At New Relic, we understand the value of testing our systems to ensure their efficiency and resiliency against hazardous conditions. Whether it’s through chaos engineering or adversarial gamedays, our DevOps teams employ reliability best practices to learn more about our systems and develop new ways to improve them.

Chaos engineering involves carefully injecting harm into our systems to test the systems’ response to it. This allows us to prepare and practice for outages, and to minimize the effects of downtime before it occurs.

The operative word here is carefully. We’re not trying to break our systems—we’re trying to make them stronger and more resilient. And despite the name, chaos engineering is not actually chaotic. Instead, chaos engineering involves thoughtful, planned, and controlled experiments designed to demonstrate how our systems behave in the face of failure.

There is no shortage of chaos engineering resources, but recently the Unified API team leveraged our implementation of the GraphQL API as an entry point for our internal chaos engineering practices. Sure, Netflix has its Chaos Monkey, but New Relic has a Chaos Panda!

The problem statement

Unlike typical REST APIs that often require loading from multiple endpoints, GraphQL provides a single endpoint that can manage complex queries, so you can get the data your app needs from many services—all in one request.
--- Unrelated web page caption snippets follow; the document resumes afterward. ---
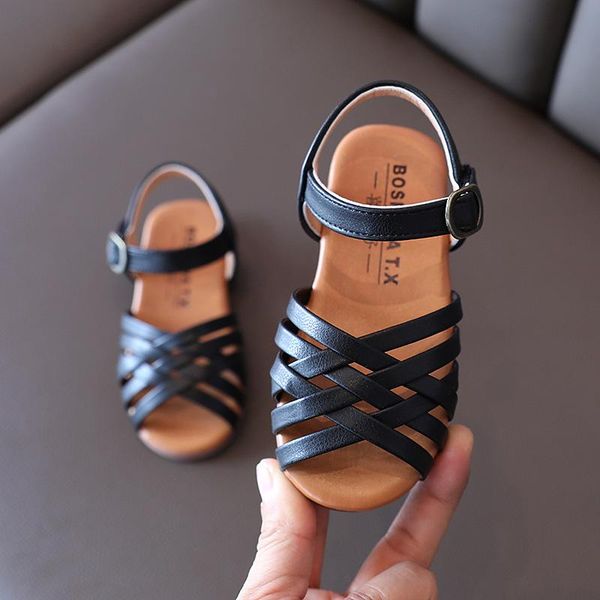 fashion baby girl dress sandals 2021 for kids summer children beach shoes toddler little 1 2 3 5 6 years, Black;red
fashion baby girl dress sandals 2021 for kids summer children beach shoes toddler little 1 2 3 5 6 years, Black;red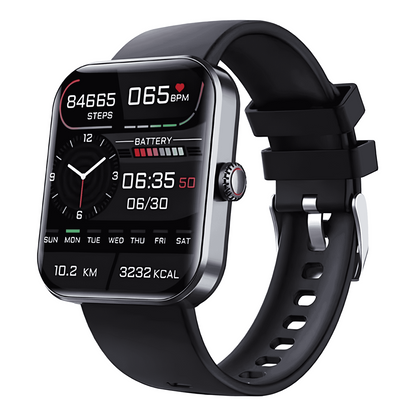 Montre Connectée Suivi Glucose | Non-Invasif et Confort Quotidien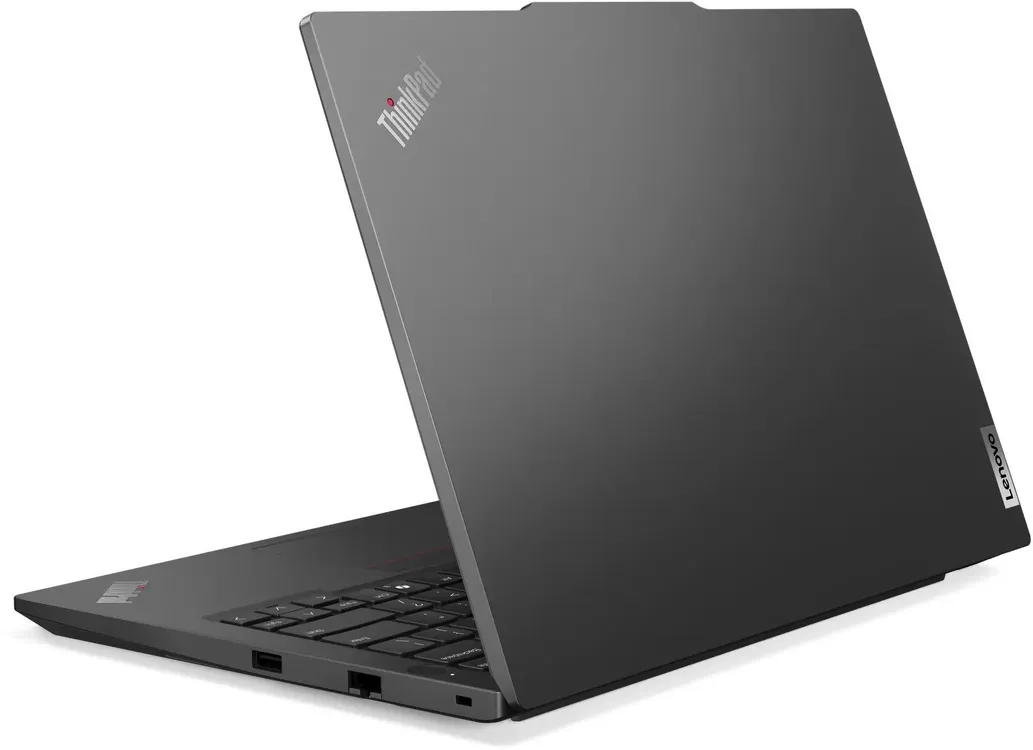 Ноутбук Lenovo ThinkPad E16 G2 (Core Ultra 5 125U, 32Gb, SSD512Gb, Intel Graphics 16", IPS, WUXGA, 1920x1200) (Черный) — фото 10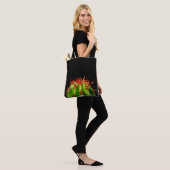Tote Bag Cactus (Sur le modèle)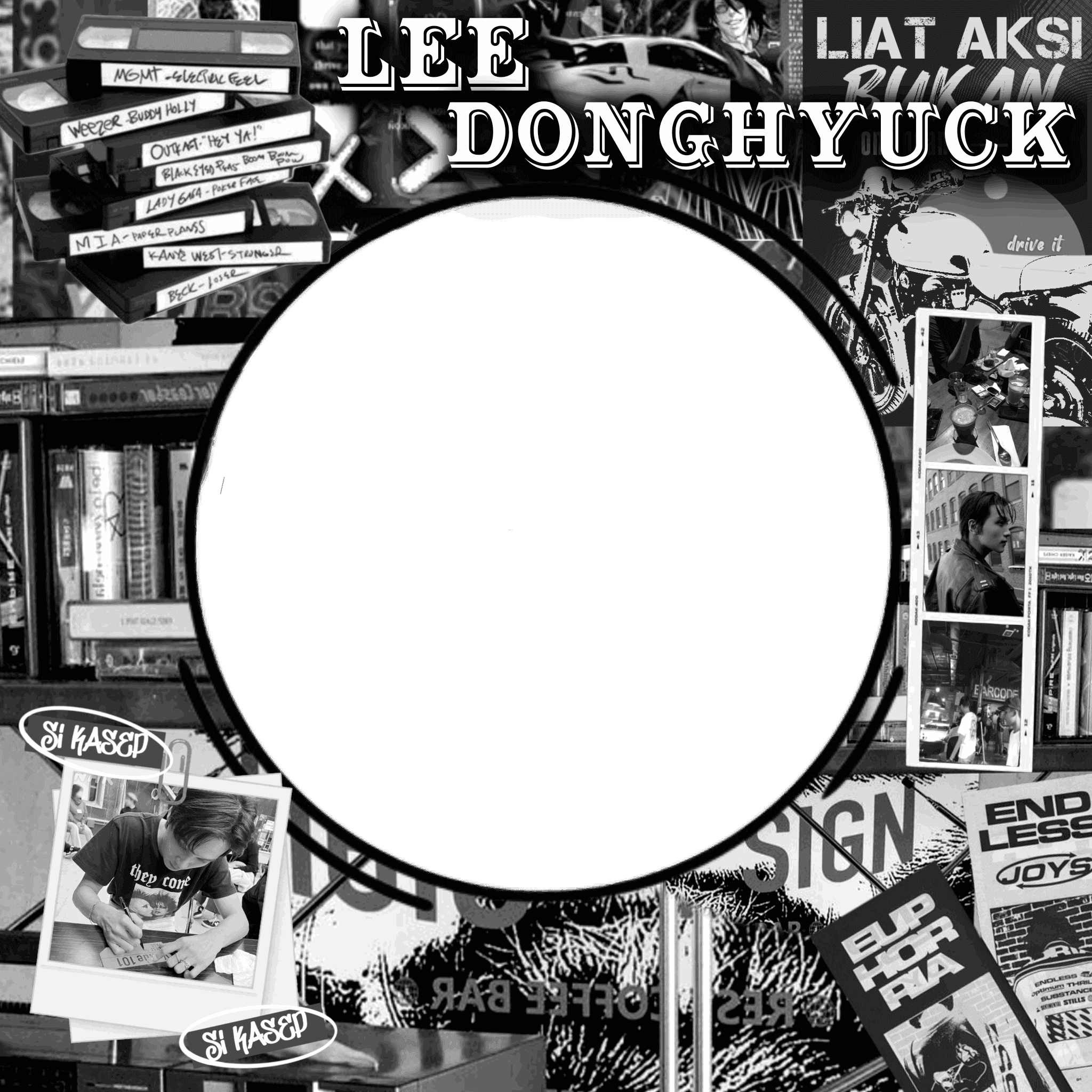Lee Donghyuck Birthday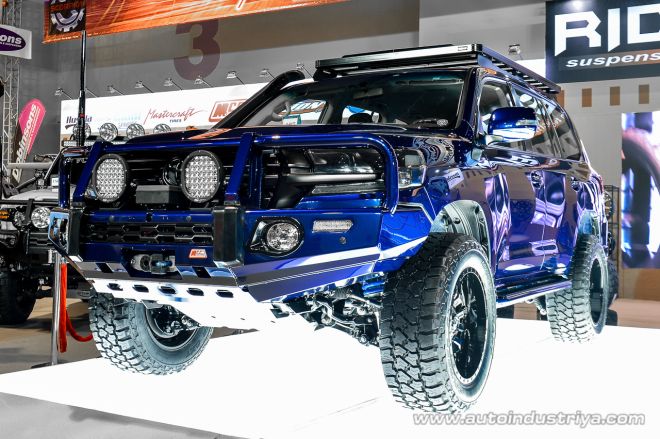 A peek into the cars of Manila Auto Salon x Sport Truck Show 2017 image
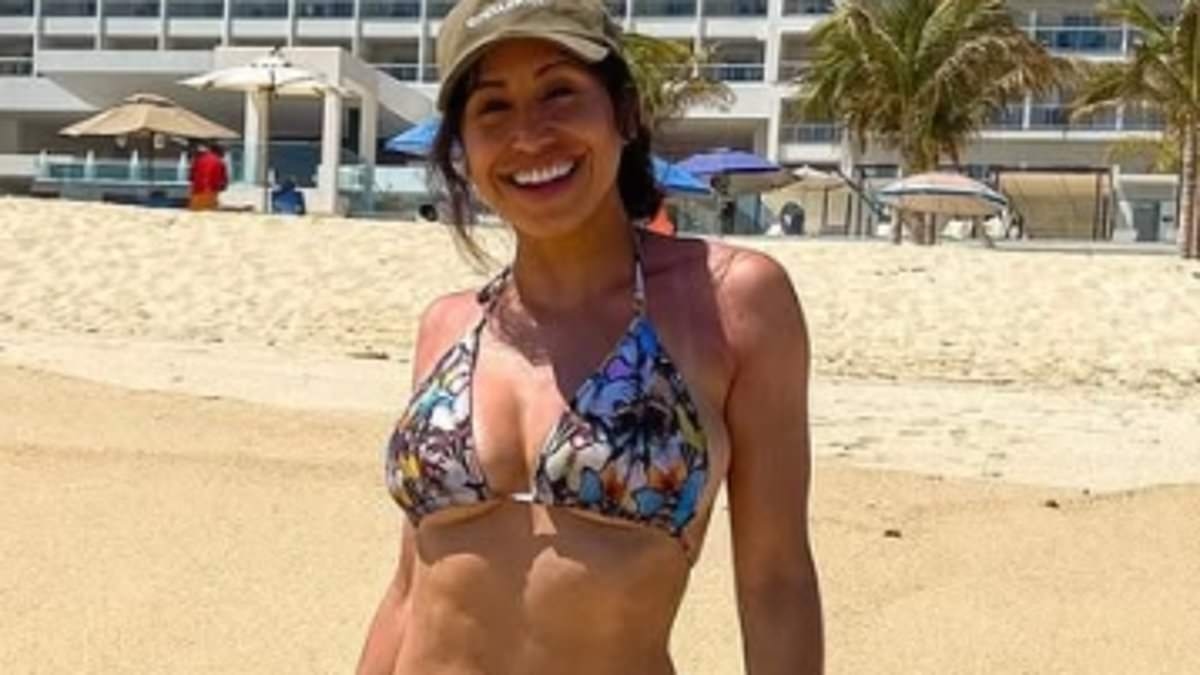 Una star del fitness rimane paralizzata dalla vita in giù dopo una puntura di zecca... mentre gli Stati Uniti soffrono della peggiore epidemia di sempre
We’ve achieved this with “schema stitching,” which creates a single schema from several underlying GraphQL APIs and enables us to deliver a unified experience across all of our APIs, via our GraphQL server.

To make a request for data with New Relic’s GraphQL API, consumers query for various fields in a data structure; for example, a query on the accounts field returns account information associated with the user who ran the query. The fields are resolved by making requests to various downstream services. In the event that a service is down or is running slowly, GraphQL may send back partial responses—the request won’t fully fail, but the response may be missing data. That’s different than in a REST API where a response usually indicates a simple success or failure.

It’s these partial responses that we were interested in. Particularly, how could we test against latency and field errors, and in turn find opportunities to add more resilient code in our services that would respond proactively to partial request failures?

Enter the Chaos Panda

With our new Chaos Panda testing tool, internal New Relic teams can configure GraphQL in pre-production testing to do things like add latency to its responses or cause certain fields to fail at a specific failure rate. It’s as simple as running a GraphQL mutation (a basic GraphQL query type that can modify and fetch data).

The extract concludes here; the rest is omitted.